Making customers feel the right things
Brands are driven by emotions. Our research has shown that simple affection is not enough. A positive attitude is not enough. In order to create strong loyalty that turns into sales and advocacy brands have to stimulate a carefully considered cocktail of emotions, in a unique way, at various touch points.
When Woolworth's closed its doors in January 2009 there was outrage– demands that the retailer should be rescued could be heard in coffee shops and offices. Yet many of these ‘outraged’ consumers had not been to a Woolworths store in years or if so only sporadically buying very little. Those consumers were definitely feeling an attachment to the brand – but that attachment had not translated into sales and so the brand fell.
So clearly it is not just about making consumers feel something – it's about making them feel the right things.

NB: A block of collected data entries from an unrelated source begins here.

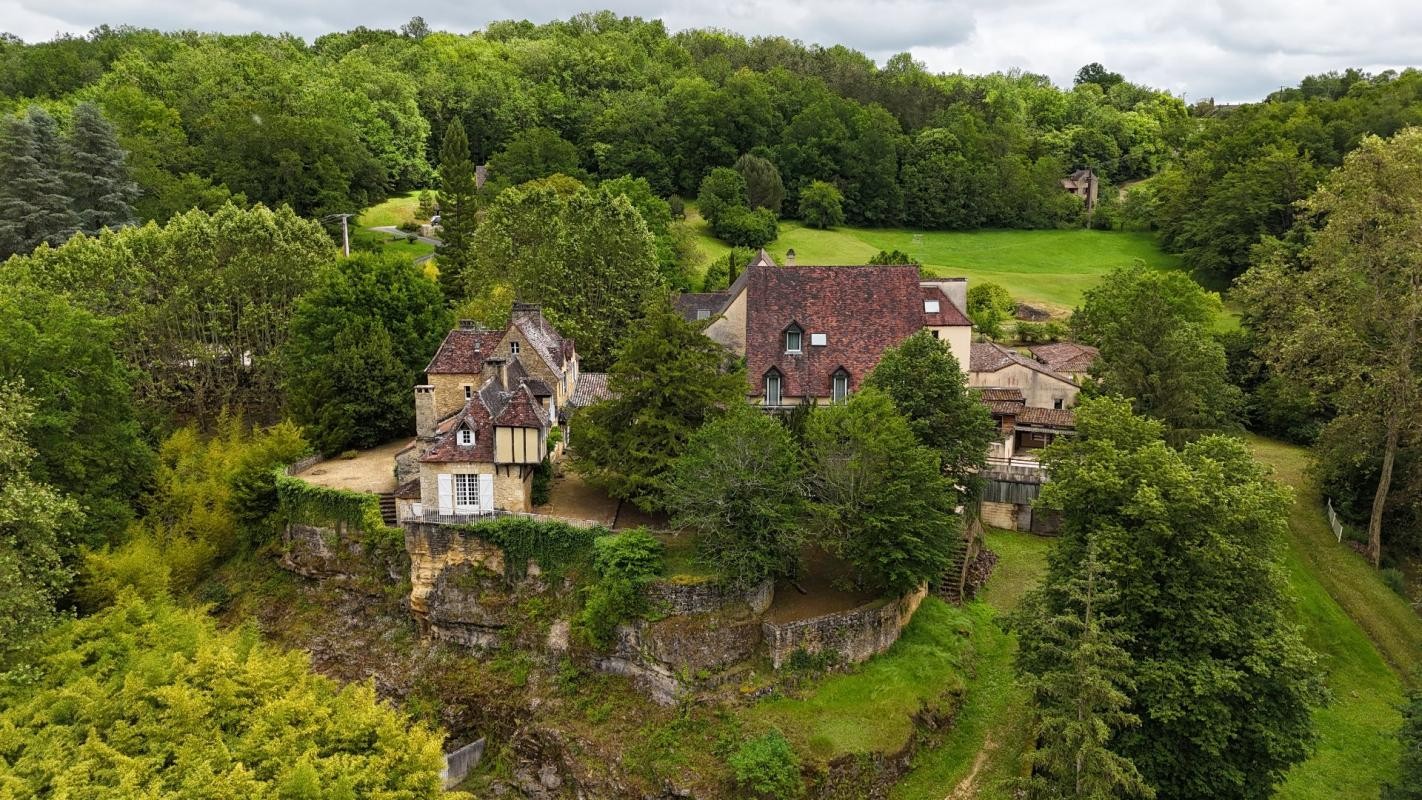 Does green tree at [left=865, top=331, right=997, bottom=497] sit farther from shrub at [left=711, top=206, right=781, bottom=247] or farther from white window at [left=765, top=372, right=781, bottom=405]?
shrub at [left=711, top=206, right=781, bottom=247]

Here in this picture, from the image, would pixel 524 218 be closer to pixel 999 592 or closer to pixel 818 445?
pixel 818 445

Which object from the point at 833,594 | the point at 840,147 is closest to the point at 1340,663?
the point at 833,594

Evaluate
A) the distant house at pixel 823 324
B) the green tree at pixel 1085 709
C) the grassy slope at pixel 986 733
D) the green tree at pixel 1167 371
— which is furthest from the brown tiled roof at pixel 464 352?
the green tree at pixel 1167 371

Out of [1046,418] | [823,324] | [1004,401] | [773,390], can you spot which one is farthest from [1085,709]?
[823,324]

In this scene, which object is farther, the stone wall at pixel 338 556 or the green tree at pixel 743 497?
the stone wall at pixel 338 556

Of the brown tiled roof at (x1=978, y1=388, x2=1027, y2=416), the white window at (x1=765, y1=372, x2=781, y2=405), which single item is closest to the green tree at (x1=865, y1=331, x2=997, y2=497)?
the brown tiled roof at (x1=978, y1=388, x2=1027, y2=416)

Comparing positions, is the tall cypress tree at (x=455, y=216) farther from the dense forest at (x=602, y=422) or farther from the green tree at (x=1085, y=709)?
the green tree at (x=1085, y=709) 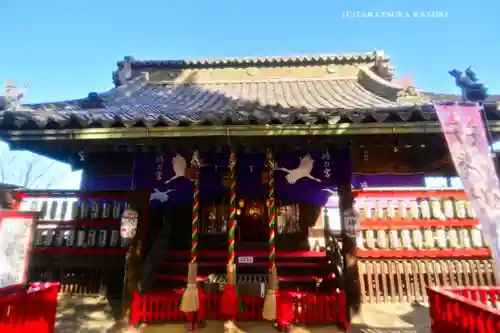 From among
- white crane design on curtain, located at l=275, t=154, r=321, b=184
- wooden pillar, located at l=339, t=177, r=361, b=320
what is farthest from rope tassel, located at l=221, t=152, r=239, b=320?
wooden pillar, located at l=339, t=177, r=361, b=320

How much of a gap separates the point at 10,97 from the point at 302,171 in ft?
20.2

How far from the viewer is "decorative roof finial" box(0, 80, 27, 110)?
5.64 metres

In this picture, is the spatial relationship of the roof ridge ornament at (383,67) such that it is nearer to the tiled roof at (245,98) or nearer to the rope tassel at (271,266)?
the tiled roof at (245,98)

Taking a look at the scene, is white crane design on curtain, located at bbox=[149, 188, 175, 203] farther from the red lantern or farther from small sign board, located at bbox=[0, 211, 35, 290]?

What is the right thing? For a start the emotions have to be relevant to the product category – they have to emotionally fit with the core emotional experience the consumer is seeking from the product category. This then has to be supported by a unique mix of emotional drivers that only the brand can own and that a credible brand story can be written around. To stimulate those emotions sensory triggers are applied throughout all elements of the marketing mix. Sounds complicated? The process for finding and developing the correct emotional triggers is complex and requires specialist research techniques, but that is for us to worry about. The result however is very simple – an emotional brand synopsis that can be summarised on one sheet of paper and will inform all areas of brand activity.